# No Jobseekers allowance because of joint mortgage



## Shooter (15 May 2010)

Hi Guys

I am wondering where i stand with job seekers allowance. Me and my partner have broken up. We have tried to sell our house for the last 8 months or so and it wont sell. We will have to rent it our now as we are both going living in seperate places and i cant afford to pay my half of mortgage anyway. Before break i was only eligble for a jobseekers allowance payment of 30 euro because my ex has a job. Please say i will get the full entitlement now. I am moving home to live with my parents. If i provide proof of our house being rented out, surely they wont access my means including my ex partners wages. I cant survive on 30 per week!!!!!!


----------



## Welfarite (16 May 2010)

Youa re now single and living at home so you should ask for your means to be re-assessed due to your change in circumstances. Sw will assess your half of the house less any O/S mortgage as measn. if this is negative then they will be no means against you. If you are under 24, your parent's income will have to be disclosed and an assessment made fo board and lodging with them.


----------



## Shooter (16 May 2010)

thanks for that. it put my mind at ease..


----------



## Pope John 11 (27 Aug 2010)

Welfarite said:


> Youa re now single and living at home so you should ask for your means to be re-assessed due to your change in circumstances.

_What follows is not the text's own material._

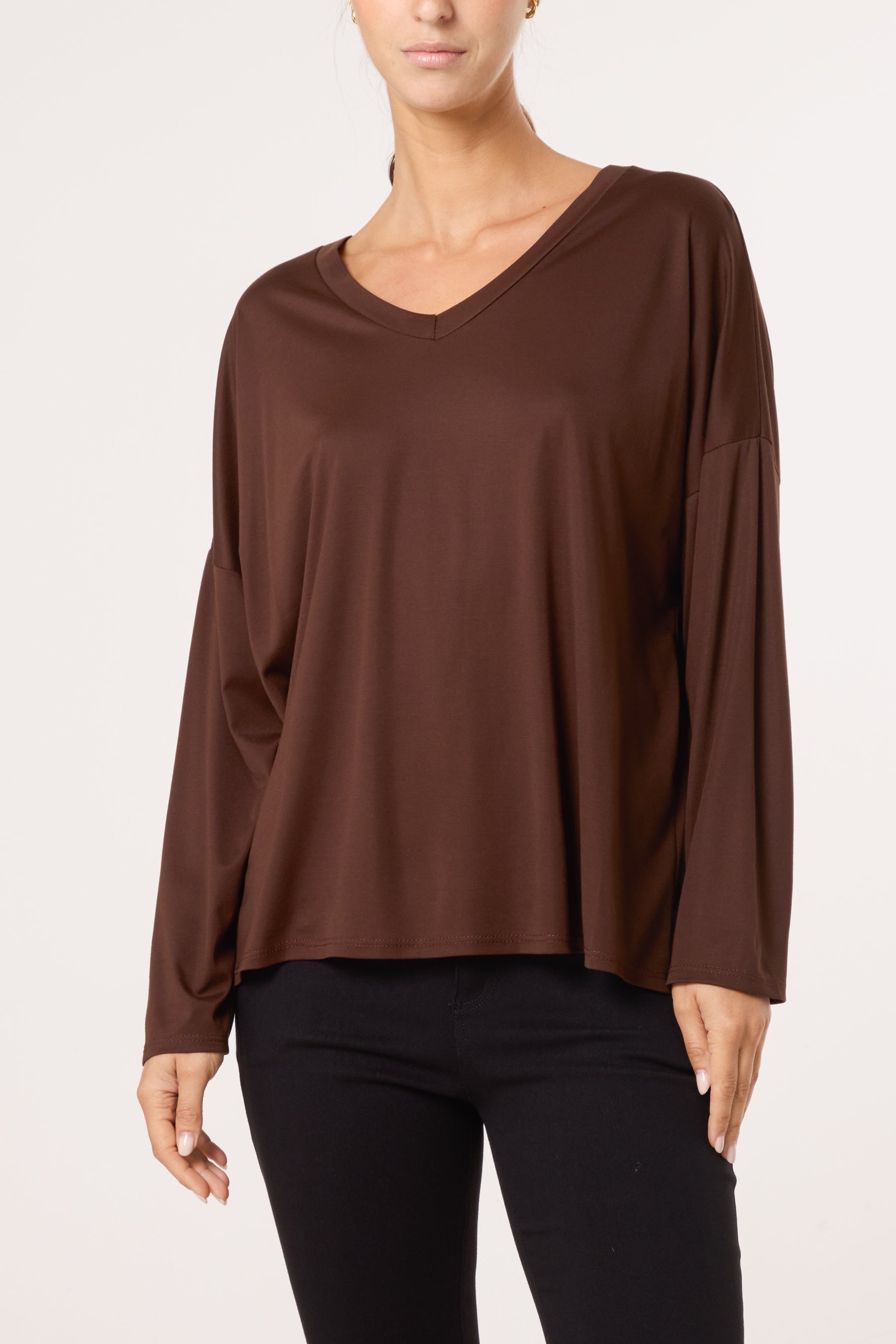 V-Neck Long Sleeve Basic T-Shirt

Sw will assess your half of the house less any O/S mortgage as measn. if this is negative then they will be no means against you. If you are under 24, your parent's income will have to be disclosed and an assessment made fo board and lodging with them.


 
How does social welfare take into account your monthly mortgage? The forms do not seem to ask for it?


----------



## gipimann (27 Aug 2010)

SW don't take mortgages into account - it doesn't form part of the means test.


----------



## Welfarite (7 Sep 2010)

Pope John 11 said:


> How does social welfare take into account your monthly mortgage? The forms do not seem to ask for it?


 


gipimann said:


> SW don't take mortgages into account - it doesn't form part of the means test.


 

The house is no longer the PPR and will be assessed


----------